What is Feminist Research

What is Feminist Research: Jeanelle Hope

Cultural Studies doctoral candidate Jeanelle Hope is researching the role black women artists play in combatting gentrification in the Oak Park neighborhood of Sacramento.  Hope places gentrification in a greater historical context of a racial resegregation that has been ongoing since deindustrialization.

What is Feminist Research: Leslie Quintanilla and Jennifer Mogannam

Indigeneity, settler colonialism, and borders are central frames for the feminist research of Ethnic Studies doctoral candidates Leslie Quinatanilla and Jennifer Mogannam.  Quintanilla’s research on the U.S.-Mexico border is in conversation with women of color feminism.  Mogannam examines what is happening in Palestine through a framework of settler colonialism.

Leslie Quintanilla and Jennifer Mogannam are PhD Candidates in Ethnic Studies at the University of California, San Diego.

What is Feminist Research: Natasha Myers

Natasha Myers’ work is grounded in a thinking through of feminism as a political theory of the asymmetries of power in relations not only between humans but also between humans and the “more than human” world.  Much of Myers’ work explores the possibilities of an aspirational episteme in service to plant beings, termed the Planthropocene.

What is Feminist Research: Lisa Ikemoto

Legal scholar Ikemoto applies critical race and critical feminist theory to an intersectional examination of reproductive rights and justice issues.  The goal of reproductive justice is for every person to have all the means necessary to make self-determining decisions on behalf of themselves.  This includes access to education, safe neighborhoods, and environmental justice.

What is Feminist Research: Karen Tongson

Karen Tongson discusses queer theory, gentrification, and popular culture.  Feminist research of popular culture can help us understand what kinds of interventions we can make into prevailing cultural messages and create conditions of possibility for new narratives and trajectories.

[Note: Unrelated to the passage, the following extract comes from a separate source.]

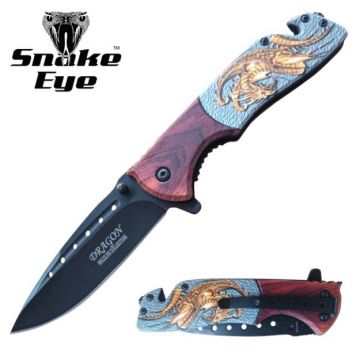 Snake Eye Tactical Wildlife Collection Dragon Edition Spring Assisted Rescue Knife SE-5147DG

What is Feminist Research: Dean Spade

Dean Spade discusses feminist frameworks for research and resistance in terms of the dynamic between the personal and political as well as the importance of compassion and care in the work to dismantle normative systems of hierarchy.  Centered in a racial and economic justice perspective, Spade uses pinkwashing as an example to raise questions about propaganda and skill building in community media reading practices.